Lina Meruane, Un regard de sang, traduit de l’espagnol (Chili) par Serge Mestre, Grasset, 2018, 224 p. [Sangre en el ojo, Penguin Random House Grupo Editorial, 2013]

Une jeune femme. Une jeune femme dans un pays étranger. Une jeune femme dans un pays étranger devient peu à peu et irrémédiablement aveugle…

Lina est la protagoniste de ce roman et c’est aussi le prénom de l’autrice, ce qui crée déjà en soit un sentiment de proximité entre les deux femmes. La narration astucieuse et originale à la première personne déroute car les pensées vont du présent au passé et dans l’imaginaire sans aucune limite, avec suffisamment de clarté cependant pour que nous ne nous perdions pas, comme dans une histoire spéculaire.

Un regard de sang décrit dans une langue directe et crue le désespoir et la résignation d’une personne qui perd progressivement la vue. Si l’on ajoute à cela la complexité de vivre dans un pays qui n’est pas le sien, même si c’est par choix, et si l’on ajoute à cette réalité les nuances apportées par Ignacio, le compagnon de la protagoniste, et par sa famille restée au Chili, on obtient une combinaison de suspense et de curiosité très réussie qui nous tient en haleine jusqu’à la fin.

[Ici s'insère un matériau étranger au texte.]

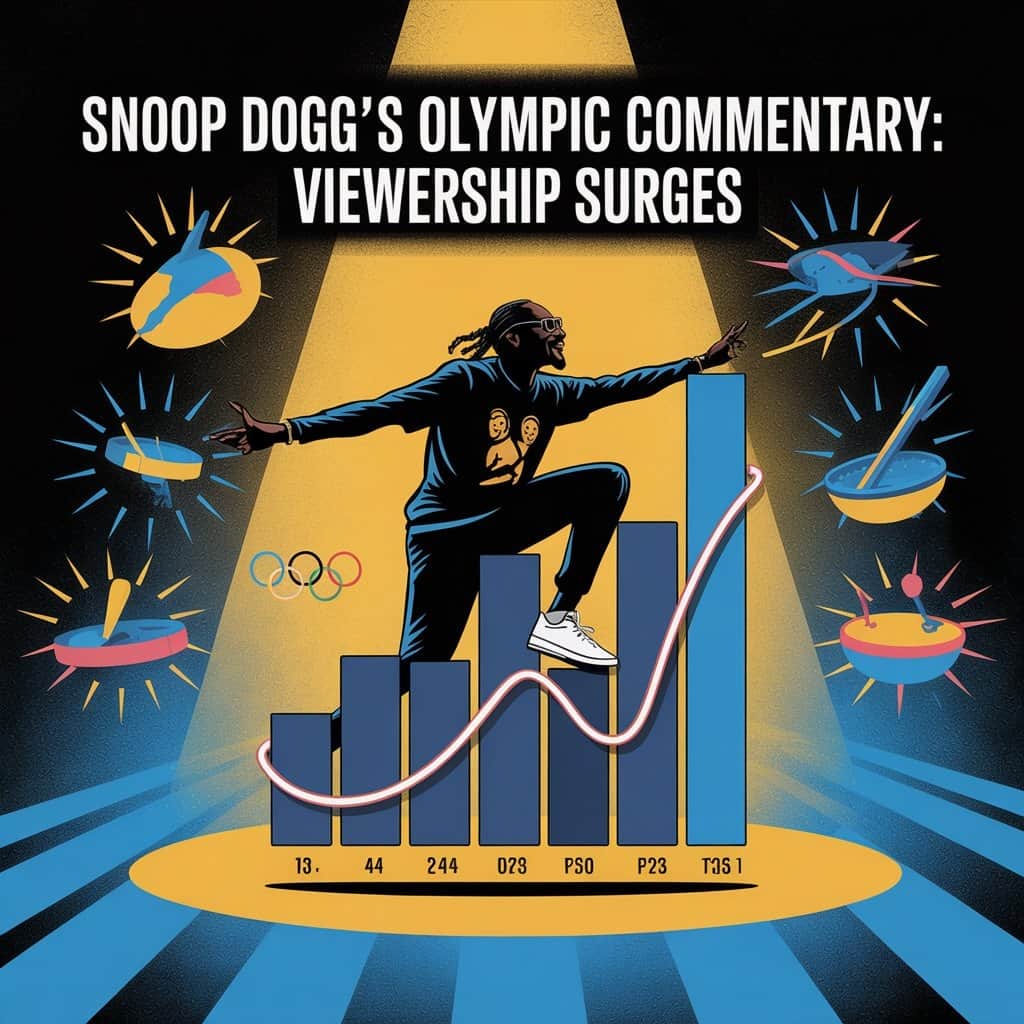 Measurable impact of celebrity commentary on viewer engagement Chart showing Olympic viewership increases during Snoop Dogg segments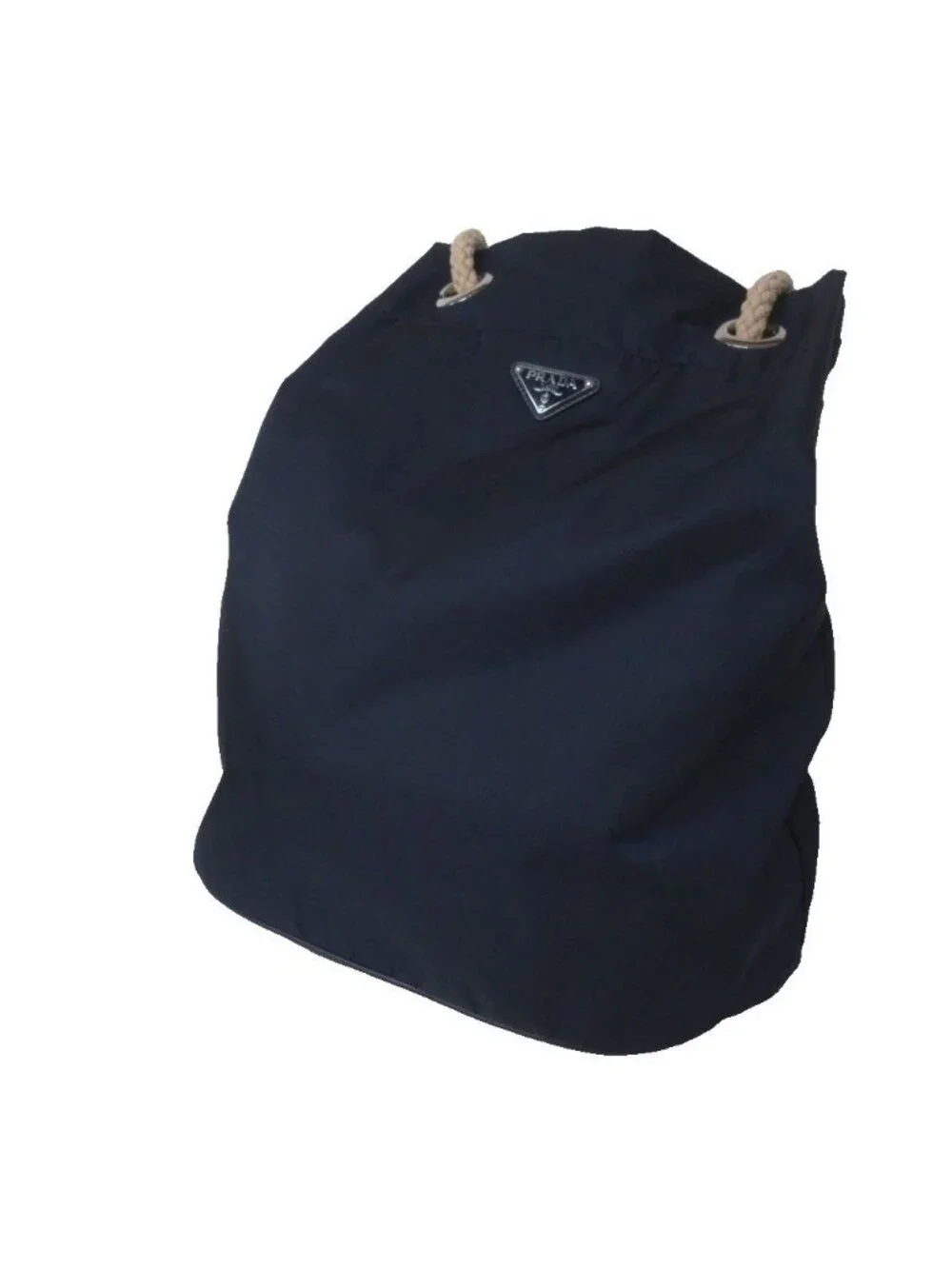 Prada Mariner Small Re-Nylon Bucket Bag Triangular Plate Paneled Design Rope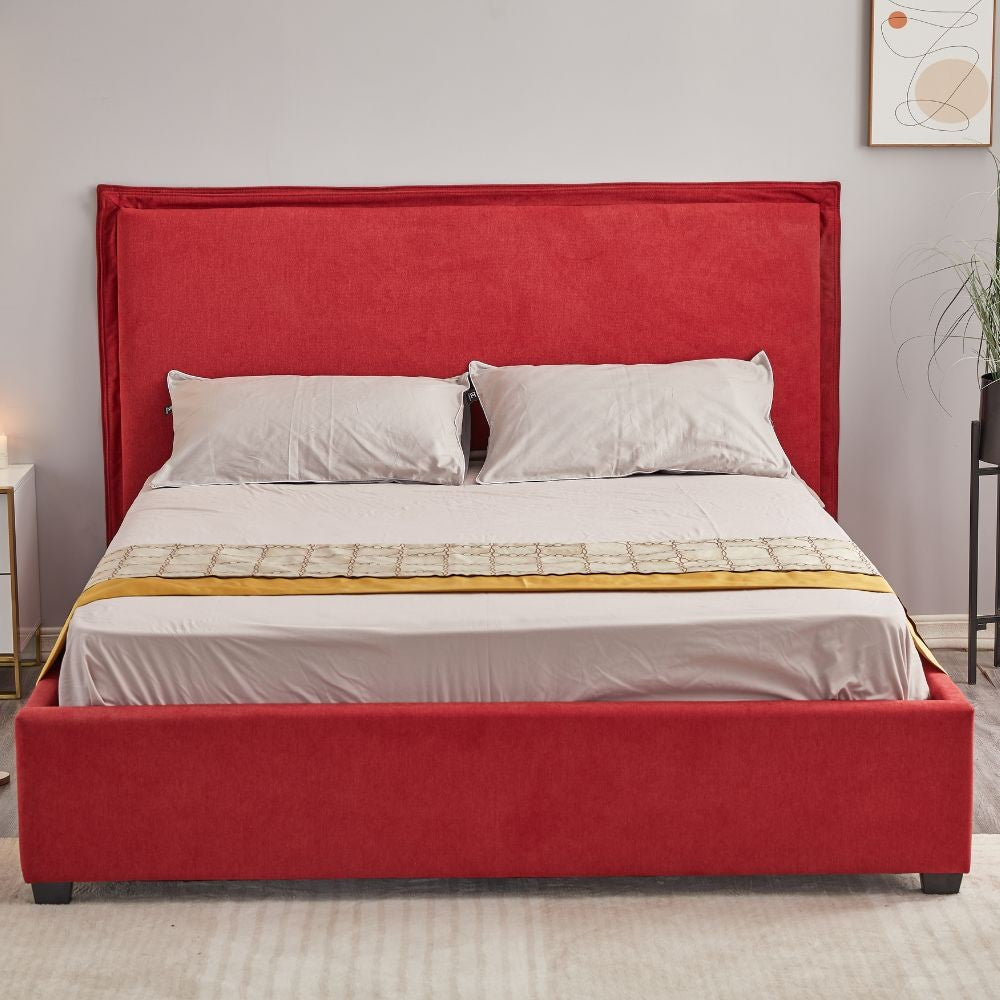 Lit double avec conteneur en tissu rouge 170x206x118 cm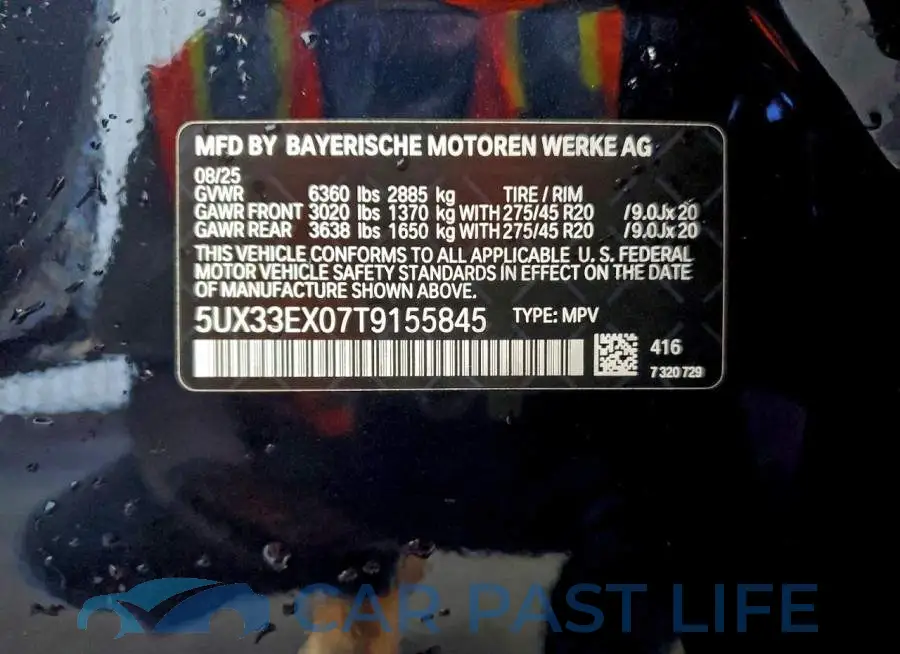 5UX33EX07T9155845# 13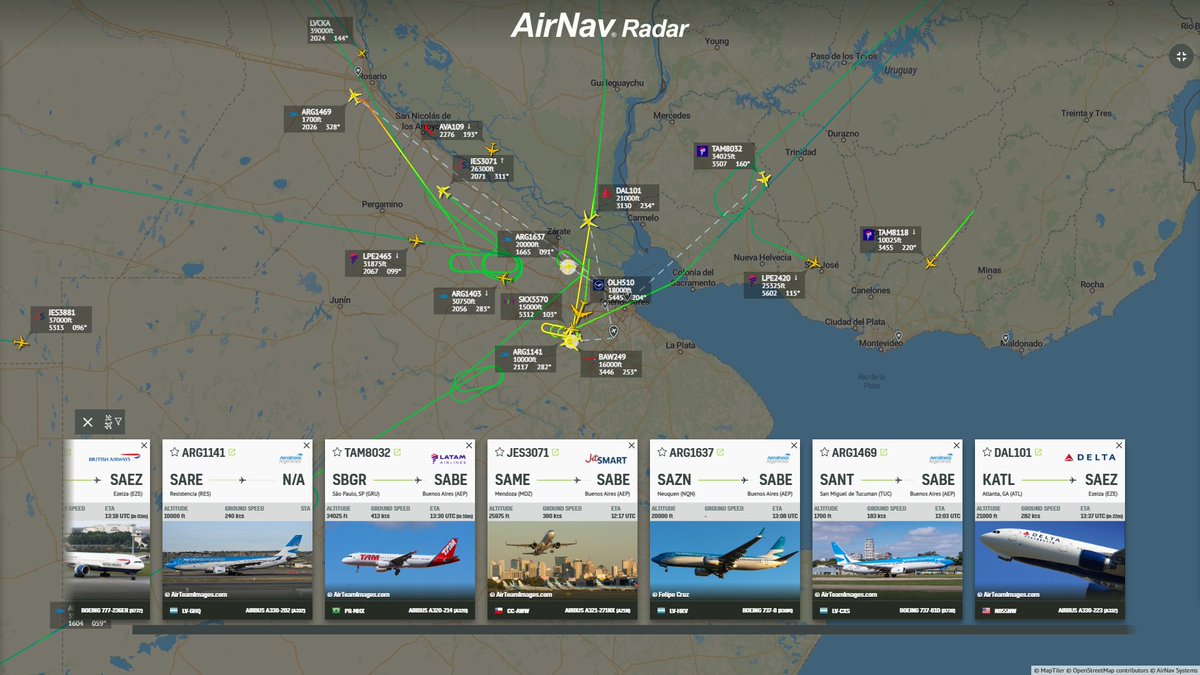 Modo-S 🛰️ (@modo_s_) on Twitter photo ℹ️Panorama complicado para los arribos en Ezeiza y Aeroparque, la niebla no cede.
Mapa vía <a href="/AirNavRadar/">AirNav Radar</a> ℹ️Panorama complicado para los arribos en Ezeiza y Aeroparque, la niebla no cede.
Mapa vía <a href="/AirNavRadar/">AirNav Radar</a>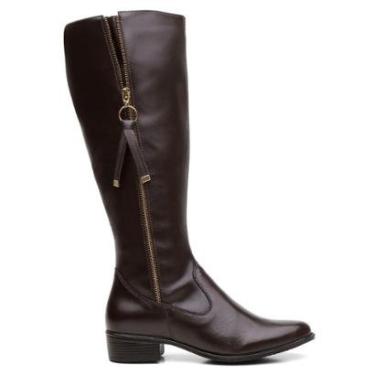 Imagem de Bota Montaria Couro Feminino Cano Alto Zíper Lateral Moda Inverno Elegante Salto Baixo-Feminino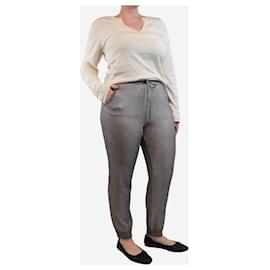 Missoni-Taupe cuffed lurex trousers - size UK 12-Brown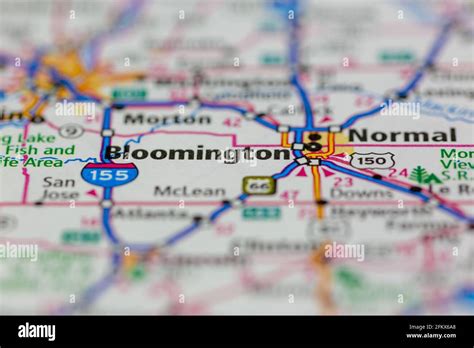 Bloomington Illinois Shown on a Geography map or road map Stock Photo ...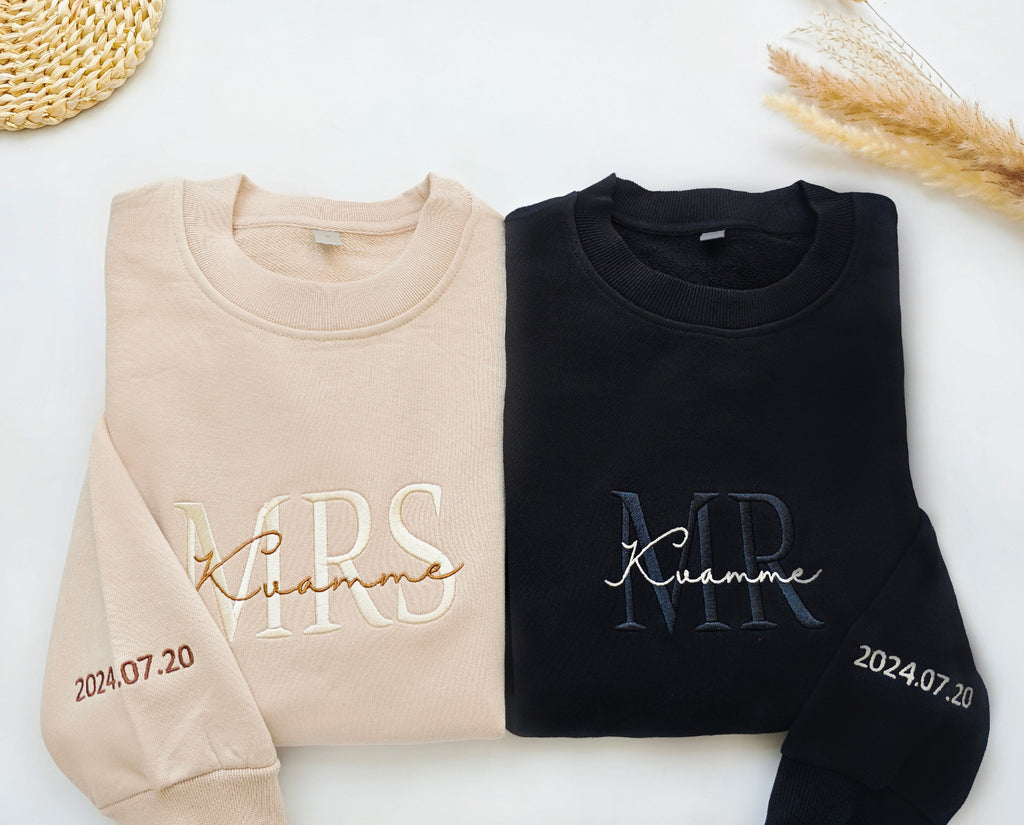 Bride and Wife Sweatshirt Set, Mr and Mrs Embroidered Couple Sweaters, Personalized Wedding Date Gift, Honeymoon Outfit, Newlywed Top
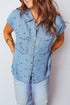 Star Print Double Chest Pocket Short Sleeve Denim Shirt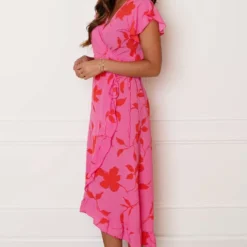 Midi Jurk Bloemen Jenny Roze Rood 14 Midi Jurk Bloemen Jenny Roze Rood -Mooie Stijl Verkoop Midi Jurk Bloemen Jenny Roze Rood 1 586x900 1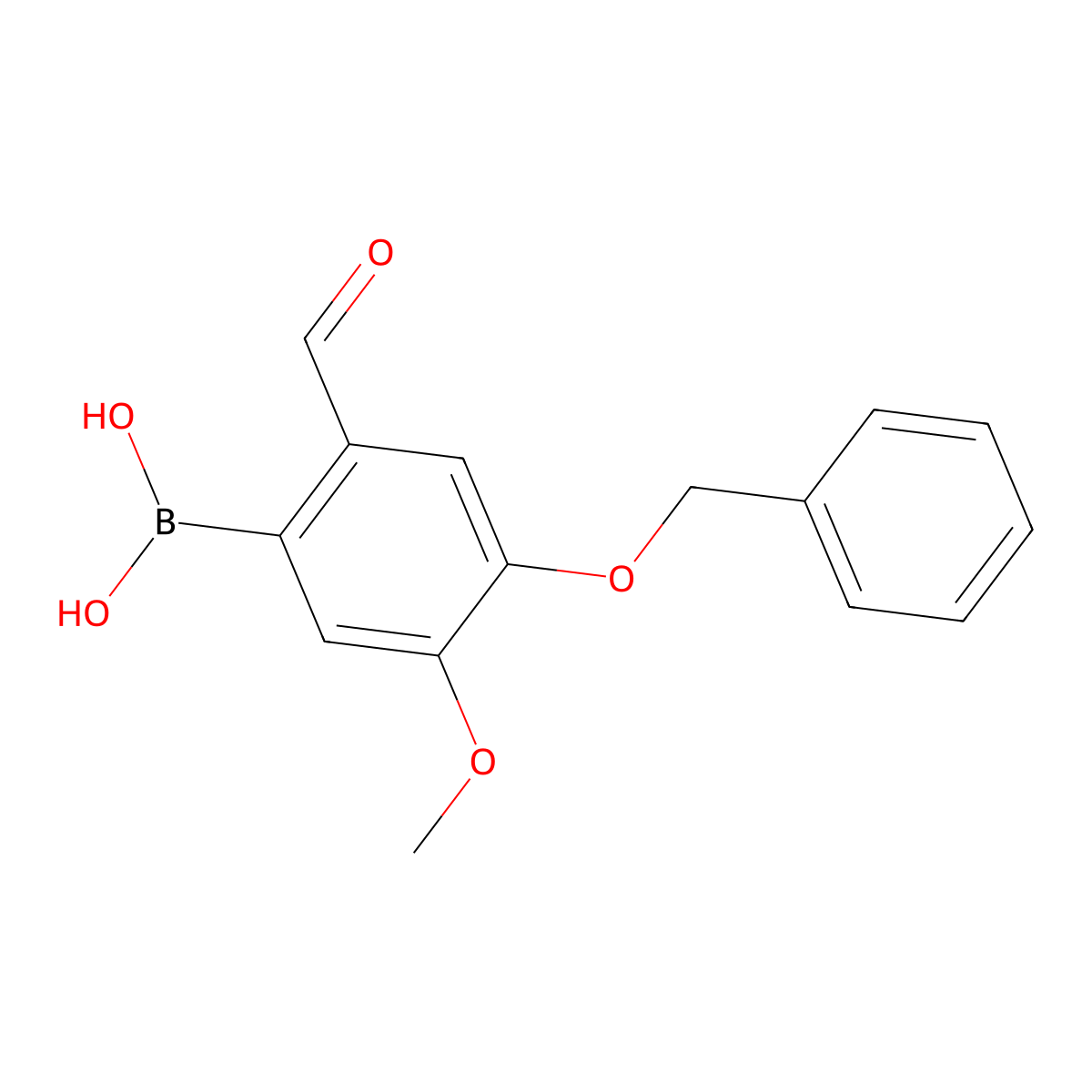 (4-(Benzyloxy)-2-formyl-5-methoxyphenyl)boronic acid molecular structure, CAS 1021431-39-9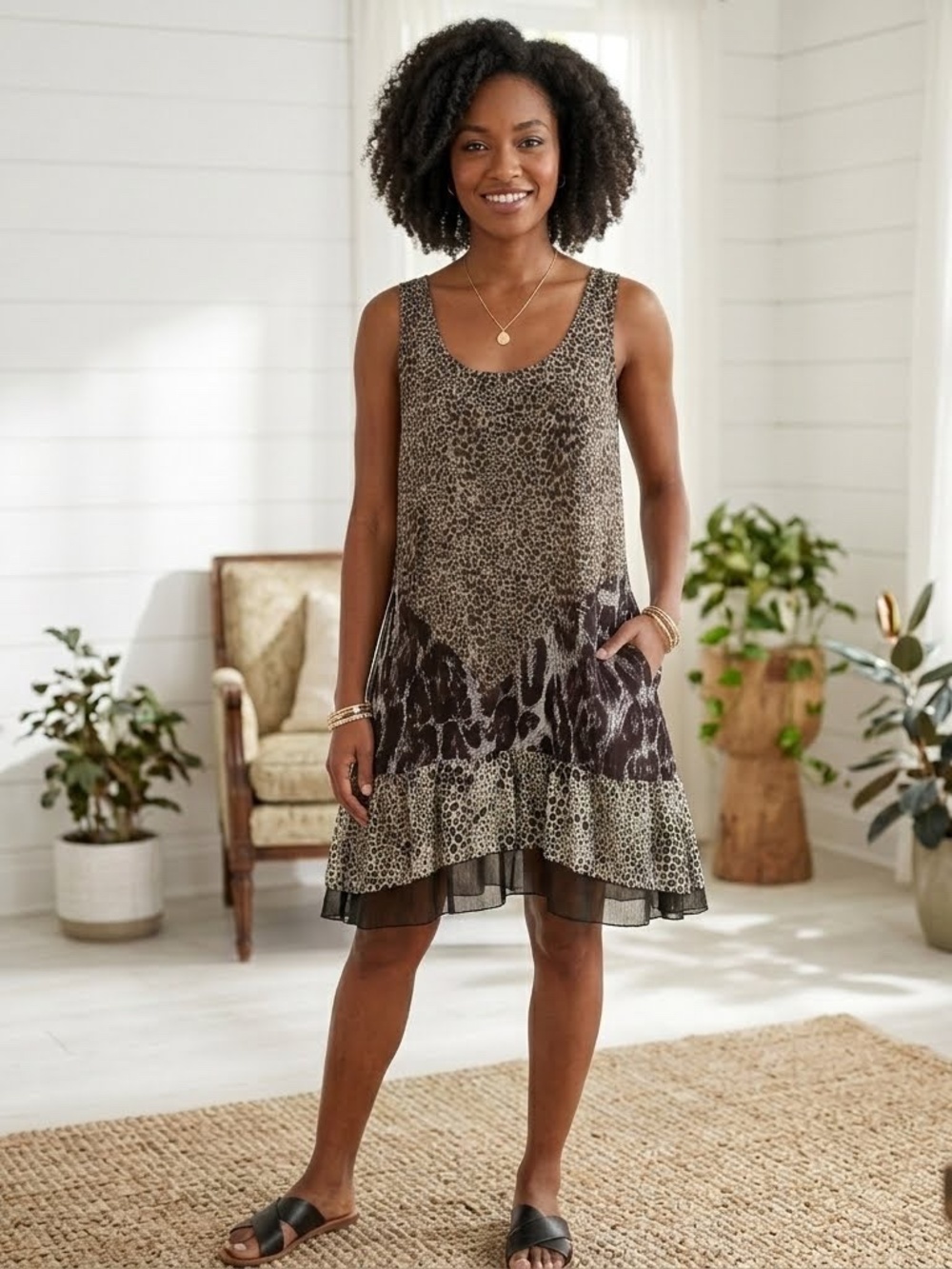 Papillon Lined Stretchy Sheer Animal Print Large Dress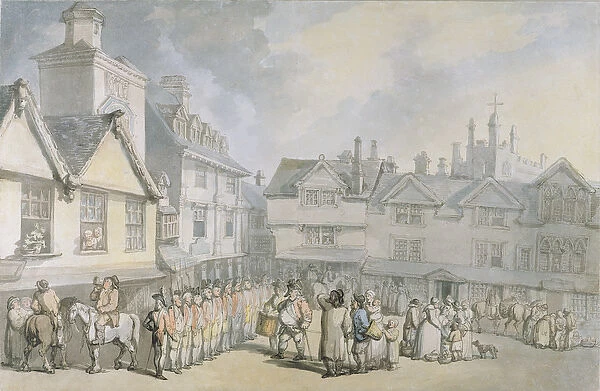 A Review in a Market Place, c. 1790 (pen & ink with w  /  c on paper)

Ce qui ressort de ce roman, c’est la construction de son personnage, Lina. On souffre avec elle, on s’identifie à sa tragédie. Une anti-héroïne totale qui, bien qu’elle soit parfois gênante, manipulatrice et sarcastique, n’amène pas le lecteur à la juger, mais à se demander comment il agirait dans une telle situation. Son atout est qu’elle n’essaie pas d’éblouir ou de convaincre, elle s’exprime simplement, elle raconte ce qui lui arrive et ce qu’elle ressent.

Cette façon de relater l’histoire a quelque chose de rafraîchissant, car nous avons l’impression de lire non pas un roman, mais les pensées de quelqu’un. C’est comme si nous entrions dans l’intimité et la psychologie torturée d’une personne. Elle est bel et bien torturée, car dès le début, nous nous rendons compte qu’il n’y a pas de happy end possible. Une seule fin est envisageable et il n’y a pas de lumière au bout du chemin. C’est cette touche de réalité qui, selon nous, ne déçoit pas. Le livre est comme un miroir de la vie et cela joue en sa faveur, car au lieu de nous emmener dans un monde merveilleux avec un dénouement heureux, il parvient à nous faire réfléchir sur des questions fondamentales. La manière dont nous entretenons des relations avec notre famille et notre partenaire d’une part, et le lien émotionnel avec notre corps et notre santé, d’autre part. Tout ce que nous prenons pour acquis peut changer en un instant.